Esteban se puso manos a la obra, abrió un agujero en el muro para que entrara el aire, preguntaron, nadie respondía al otro lado, el juez metió el brazo, había alguien, estaba caliente, quizás no era demasiado tarde. El albañil siguió ensanchando el hueco, con cuidado de que no cayeran hacia el interior los fragmentos de ladrillo que iba rompiendo. Una vez abierto el espacio suficiente sacaron a la mujer, le quitaron la mordaza, la desataron, la mujer tenía los ojos cerrados, no respondía, pero respiraba, aún estaba viva, avisaron a un médico, habían conseguido salvarle la vida.
Una vez reanimada la mujer estuvieron interrogándola. Era la hija de un conocido confitero de Sevilla que, habiendo conocido a un hombre que había llegado de Cuba, enriquecido por plantaciones de caña de azucar en la isla, se casaron. Su marido era tan celoso que le prohibió salir y hablar con nadie y que en un ataque de celos decidió emparedarla y huir.

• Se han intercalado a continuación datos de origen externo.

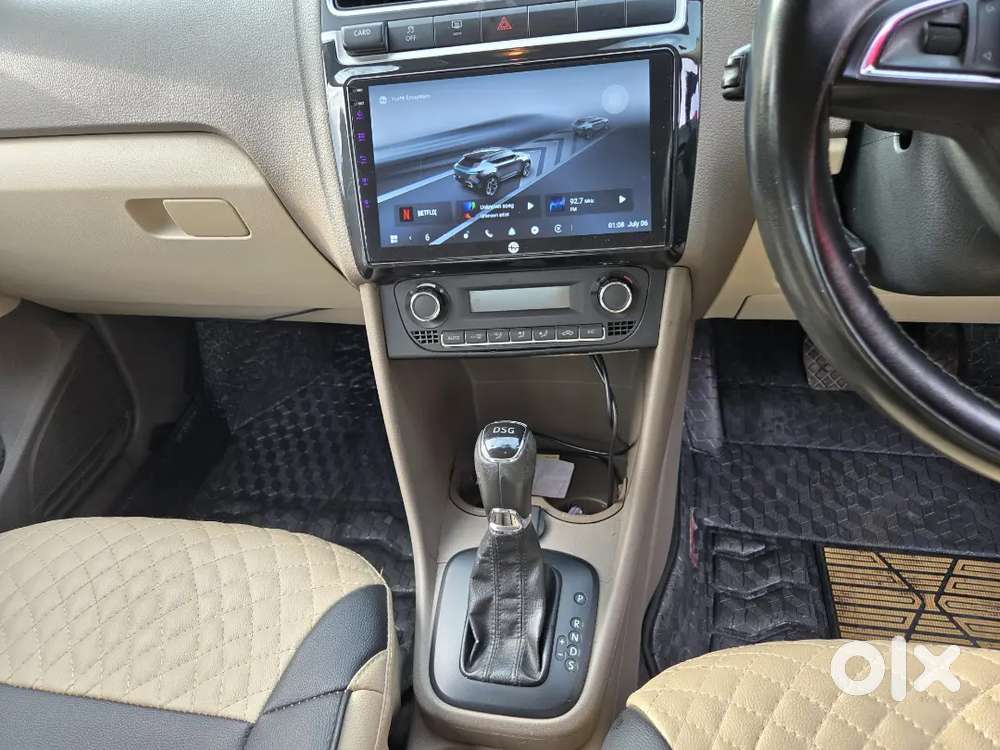 Skoda Rapid Auto 1.5 Tdi 2016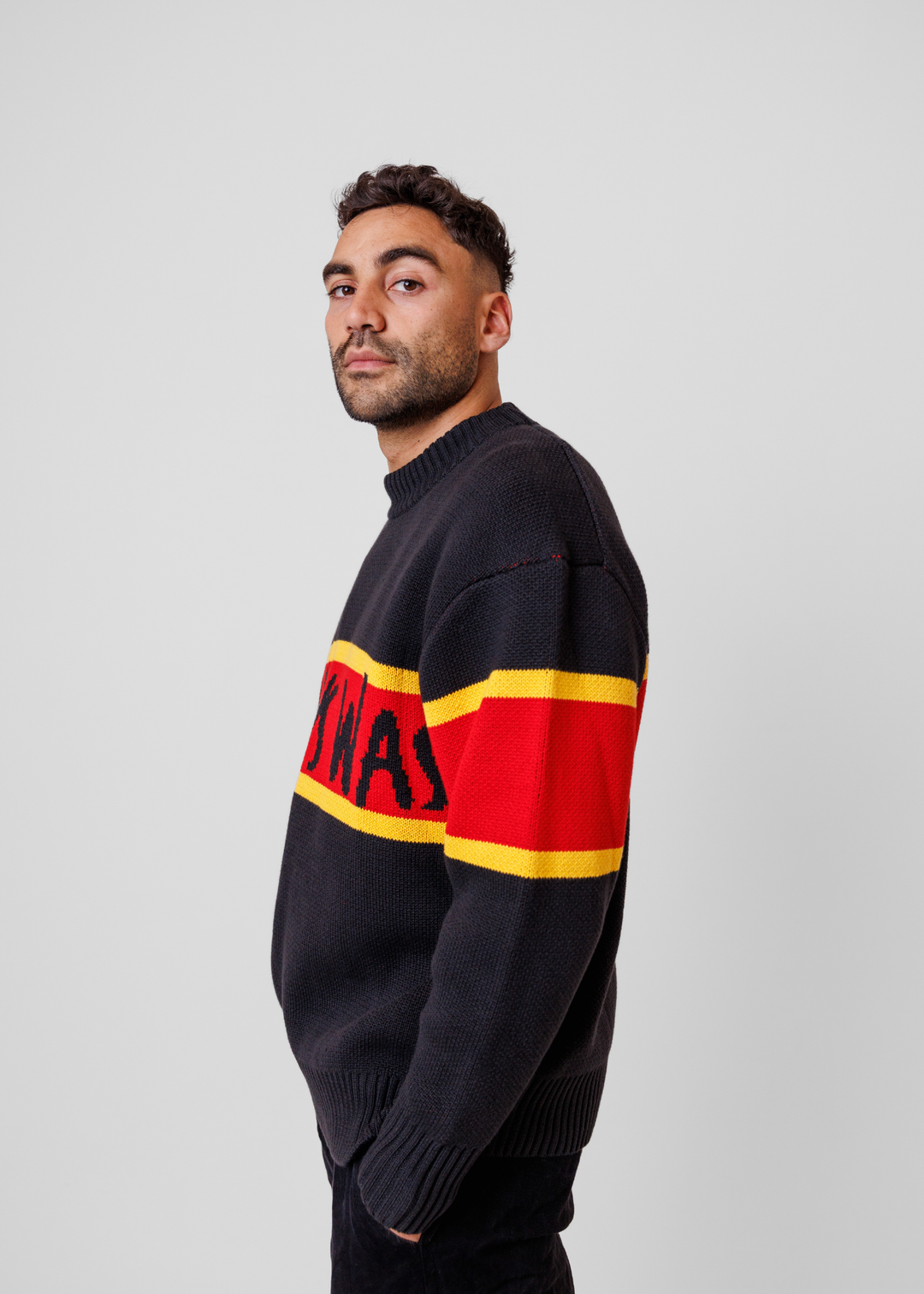 Power Knit Jumper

El juez había dado aviso y finalmente fue detenido en Cádiz cuando estaba a punto de embarcar hacia La Habana. Tras la investigación, el verdugo resultó no ser un rico hacendado sino un delincuente. Un chantajista especialista en robar a personas acaudaladas, a las que amenazaba con denunciarlas falsamente si no accedían a sus chantajes y le pagaban el dinero que les pedía.
Por suerte, a diferencia de la mayoría de relatos similares, la leyenda sevillana tiene final feliz. El delincuente sería juzgado y ejecutado y la señora fue salvada gracias a las campanas de la iglesia de San Lorenzo. Cuando paseen por ese precioso barrio sevillano ya saben, busquen su plaza, posiblemente una de las más sevillanas de la ciudad, allí se encuentra el Señor del Gran Poder, una de las grandes devociones de los vecinos de esta ciudad del Guadalquivir, y si escuchan la campana, recuerden lo que según la leyenda ocurrió aquí una fría noche de invierno de 1868.